Gutierrez, Quigley Push LGBT Rights In Immigration Reform
U.S. Rep. Luis Gutierrez (D-Chicago), joined by fellow Reps. Mike Quigley (D-Chicago) and Jared Polis (D-Colo.), called May 24 for the inclusion of gay and lesbian binational couples in the comprehensive immigration reform measure now before Congress.
"Our legal immigration system is so dysfunctional and restrictive that we have created incentives for people to go around our system rather than going through it," Gutierrez said. "Nowhere is this more true than for committed same-sex couples who have to make a painful choice between their family and the immigration laws of the U.S. that do not recognize these family units for the purposes of immigration."

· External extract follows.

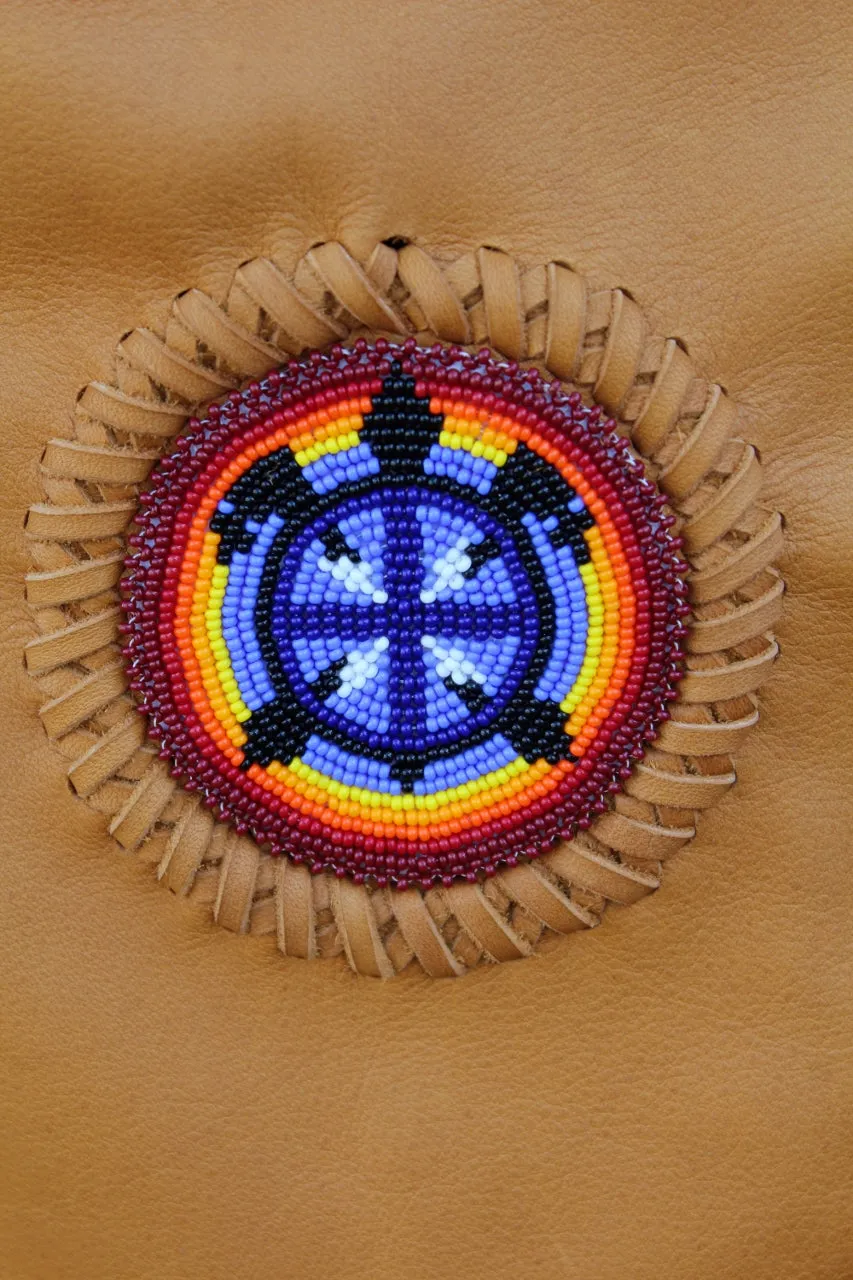 Leather pipe bag with beaded turtle , fringed chanupa bag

At a press conference at the Center on Halsted, Gutierrez said U.S. laws that allow heterosexuals to sponsor a partner for citizenship, but not gays and lesbians, send the wrong message.
"It seems to me that the cornerstone - the bedrock - of any comprehensive immigration reform is the unity of families," Gutierrez said.

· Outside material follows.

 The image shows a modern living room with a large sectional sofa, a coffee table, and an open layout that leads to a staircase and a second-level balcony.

Gutierrez, Quigley and Polis were joined at the Center by a host of LGBT community leaders and officials, including Metropolitan Water Reclamation District Comm. Debra Shore (D), Ald. Tom Tunney (44th) and representatives of the Chicago Commission on Human Relations, Equality Illinois, Amigas Latinas, the Association of Latino Men for Action, Latinos Progresando and others.
Gutierrez is a leader on immigration reform in Congress and said he is committed to ensuring that provisions of the Uniting American Families Act, also pending in Congress, are included in the final comprehensive immigration reform bill. UAFA would allow gays and lesbians to sponsor partners from other countries for citizenship.
"When I talk about an issue like this, I become the arch-conservative," Quigley said. "Why? Because we’re talking about family values."
Polis, who is openly gay, said LGBT support is a critical part of building a coalition for comprehensive immigration reform.
"It’s our task to educate our community," Polis said, emphasizing that immigration reform means, "Yes, we’re talking about our LGBT families and our LGBT communities."
Stories told by advocates of UAFA at the press conference highlighted the uncertainty and worry that gay and lesbian binational couples face in the U.S.
"This bill can make or break my family," said one gay man with a foreign-born partner.
Equality Illinois CEO Bernard Cherkasov, who as a youth with his family fled persecution in Azerbaijan before gaining asylum in the U.S., said his elderly immigrant grandmother cannot understand why the U.S. welcomed her family but threatens to force Cherkasov’s partner to leave because he’s a British citizen.
"We were married by our rabbi," Cherkasov said. "If we really respect families, then we must respect all families."
Gutierrez said despite Congress’ full agenda this year, he still hopes to get immigration reform through.
"We still think there’s an opportunity in the House and in the Senate to get something done," Gutierrez said.
But, he added, if it doesn’t get a vote this year, same-sex couples would be included from the start on any subsequent immigration reform proposal.
"The goal must be to have an immigration system that keeps families together, enhances America’s security, strengthens the economy and is true to the core values of this nation that guarantee freedom and protect the basic human and civil rights of every individual," Gutierrez said.